------ Input data ------

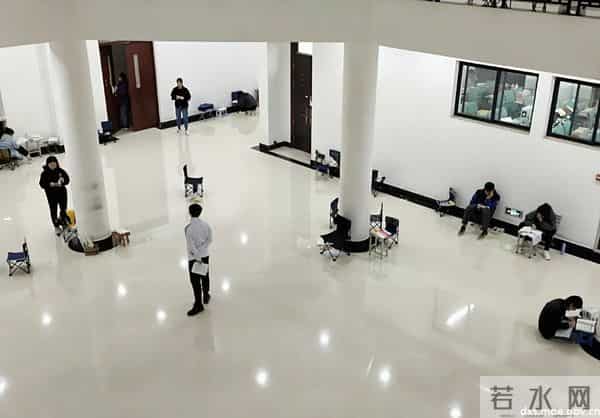 印象 - 我和教学楼的故事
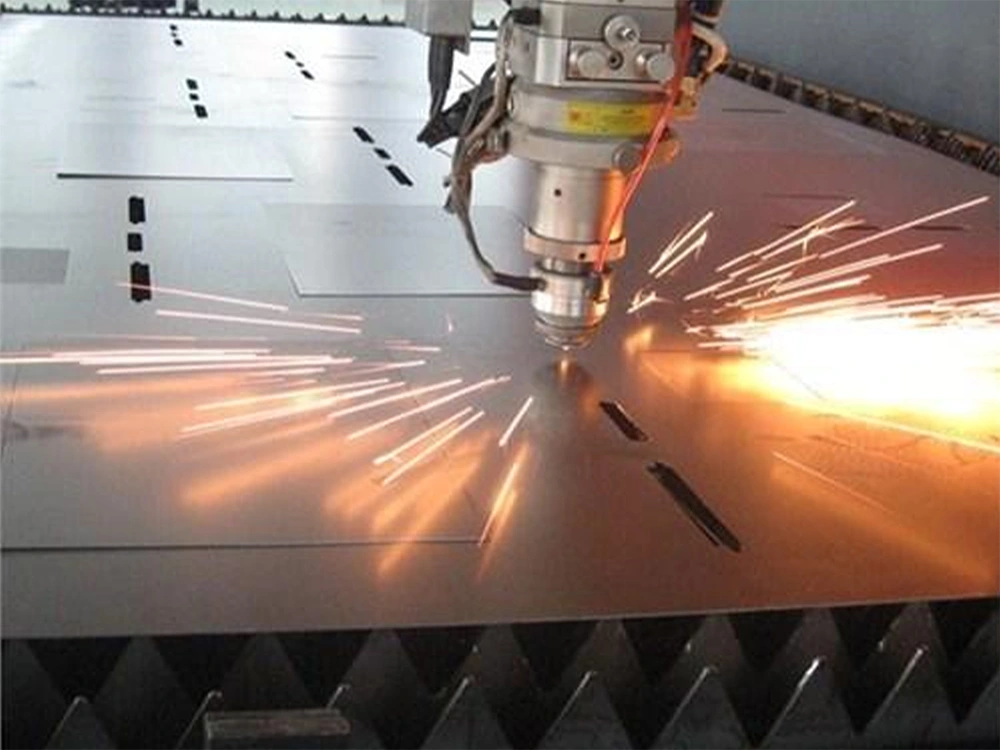 Laser Cutting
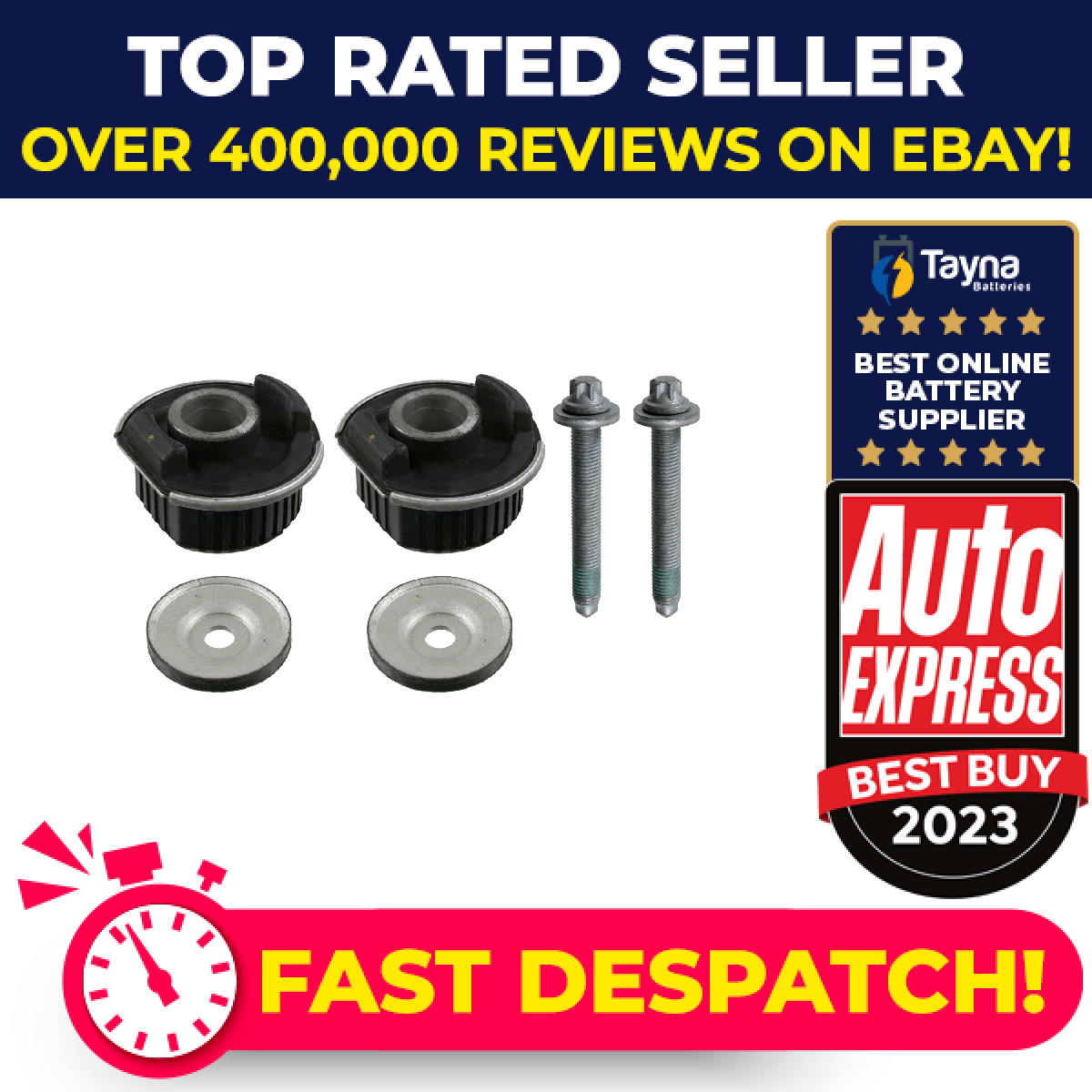 Bearing Set, axle beam 22266 Febi 1713510142 A1713510142 1713510142S1 Quality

------

Activity: Would you copy each line above exactly as given, dropping any images?

Answer box:
 印象 - 我和教学楼的故事
 Laser Cutting
 Bearing Set, axle beam 22266 Febi 1713510142 A1713510142 1713510142S1 Quality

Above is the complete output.